Chinese state-owned SAIC Motor will launch three new models this year under its MG brand, including the MG3 plug-in hybrid and MG Cyberstar electric roadster, taking its EV/hybrid product line-up in Australia to five.

Incumbent automakers are also looking to up their game. Ford has two electrified vehicles in the Australian market and another three on their way, according to a company spokesperson.

Toyota has just launched its first electric car, which joins its nine hybrids in Australia in offering lower emissions than comparable gasoline-engine vehicles.
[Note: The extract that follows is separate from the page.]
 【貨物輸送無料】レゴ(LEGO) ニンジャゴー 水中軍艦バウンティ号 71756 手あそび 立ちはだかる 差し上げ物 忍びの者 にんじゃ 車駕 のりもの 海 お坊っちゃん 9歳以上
It is confident in its strategy of providing a wide range of hybrids and steadily increasing battery electric cars, it said.

'GIVING IT A GO'

Although Australia is a relatively small market on a global scale with 1.2 million cars sold last year, it's highly attractive to Chinese automakers given that it doesn't have a car manufacturing industry and is seen as unlikely to introduce protectionist trade barriers.

Chinese startup Leapmotor (HK:9863), which has partnered with Stellantis (NYSE:STLA) to expand globally, has designated Australia as a priority market noting its lack of local car makers.

In key markets, tensions abound. European authorities have launched a probe into whether Chinese EV makers unfairly benefit from state subsidies, while the U.S. has launched an investigation into whether Chinese-made cars could be used to spy on Americans.

But relations between Canberra and Beijing have warmed after years of tensions, with both sides agreeing to turn the page and expand cooperation. Albanese's government has not given any sign it is worried about cybersecurity risks posed by Chinese cars.

Australia's Department of Foreign Affairs and Trade declined to comment on the matter.

To spur electric car demand, the government has introduced tax exemptions for EV car leasing/purchase agreements available to some consumers through their employers.

The country's three most populous biggest states - home to Sydney, Melbourne and Brisbane - have also set goals for EVs to account for 50% of all new car sales by 2030, giving generous rebates on EV purchases and investing heavily to build charging stations.

That was a major motivating factor for Mark Adamson, a 61-year-old TV director in the state of Queensland. He gained A$6,000 ($3,900) off the A$54,000 retail price of his extended range BYD Atto 3 SUV through state government rebates and then BYD offered a discount of roughly A$2,000.

"I figured why not give it a go? It's sort of really worth doing and I have excess solar at home so I'll mainly charge from at home, so it makes it a no-brainer in a lot of ways," he said.

Indeed in Queensland, state government rebates alone mean that an Atto 3 can cost less than Toyota's gasoline-engine RAV4 crossover - a comparable model.

For Sydney union organiser Peter Alley, 63, who drives out once a week to see family who live 370 km (230 miles) away, it was the need to cut down on gasoline costs near record highs that persuaded him to switch from a 2008 Volkswagen (ETR:VOWG_p) diesel van to an Atto 3.

He now spends about A$20 per week on charging instead of $130 a week on fuel.

© Reuters. FILE PHOTO: BYD Dolphin is seen in traffic in Sydney, Australia February 19, 2024. REUTERS/Stella Qiu/File Photo

Expectations are high that EV demand will continue to surge, although forecasts vary. PwC estimates half of Australia's new car sales will be EVs by 2027. Fitch Ratings predicts 18% by 2032.